With international students facing more restrictions, Northwestern seeks to increase support

(Olivier Douliery/Abaca Press/TNS)

Mike Pompeo, Secretary of State, has overseen President Trump’s national security strategy including restrictions on student visas for Chinese nationals. Northwestern’s International Office has sought to increase support for international students.

Amy Li, Assistant Campus Editor

As international students at Northwestern continue to face uncertainties and obstacles spawned by stricter immigration policies, Northwestern is revamping efforts to support students facing the restrictions.

The new initiatives include legal support for international students like immigration attorneys who facilitate the re-entry of students and faculty from a list of banned countries, said Ravi Shankar, the director of the International Office.

“There was a Ph.D. student from Syria who grew up in Lebanon and never lived in Syria, but was denied a visa because Syrians don’t get a discretionary waiver,” Shankar said.

Working from NU’s Office of Government Relations, Shankar said a congressional inquiry took place and U.S. Rep. Jan Schakowsky (D-Ill.) was able to contact the U.S. embassy in Lebanon, which eventually granted the Syrian student a visa that allowed him to return to campus for his graduate education.

President Trump’s travel ban, which was upheld by the Supreme Court in a 5-to-4 decision in June, limits travel to the U.S. from a number of countries, primarily Muslim-majority ones. Since the ruling, the ban, originally deemed unconstitutional by some lower courts, has made it increasingly difficult for students from abroad to study in American schools.

In response, the University has added services and programs to support international students in a long-term battle to stay in the United States.

Shankar said he has initiated additional student support since the announcement of the travel ban’s first iteration in 2017. A committee was set up with administrators, including University President Morton Schapiro to predict impacts of the ban and form strategies to combat forces against international education since the beginning of the Trump administration, he said.

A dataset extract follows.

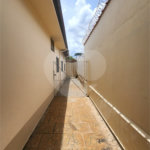 Casa à venda com 4 quartos, sendo 1 suíte, em Jardim Roberto Selmi Dei, Araraquara, SP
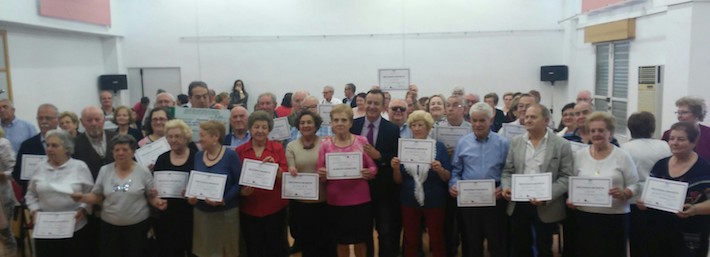 Las personas usuarias de los centros de participación activa donan 5.000 euros a la Asociación de Padres y Madres de Niños Oncológicos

The University has been focused on providing increased advocacy on behalf of students affected by the ban, he said.

Amar Shabeeb, a Syrian-American, said the decision to uphold the ban was “upsetting” but unsurprising because it simply echoes discriminatory policies against Arabs and Muslims from the past.

“The people who suffer the most are the people who are already suffering—the people whose lives have already been put at risk,” the Weinberg sophomore said. “(The policy) is in line with our history, unfortunately.”

In May, the Trump administration also announced limits to Chinese graduate student visas, a decision targeting Chinese STEM students studying in high-tech fields like robotics, to ensure that intellectual property is not transferred back to China. Graduate students may be limited to one-year visas on a case-by-case basis.

The policy is a part of Trump’s larger National Security Strategy and started June 11. The White House was said to also have been considering a plan proposed by Stephen Miller, a senior adviser to the president, to ban all Chinese students, the Financial Times reported this month.

While no Chinese students have been affected by the new policy yet, “it’s just a wait-and-see game for what happens moving forward,” Shankar said.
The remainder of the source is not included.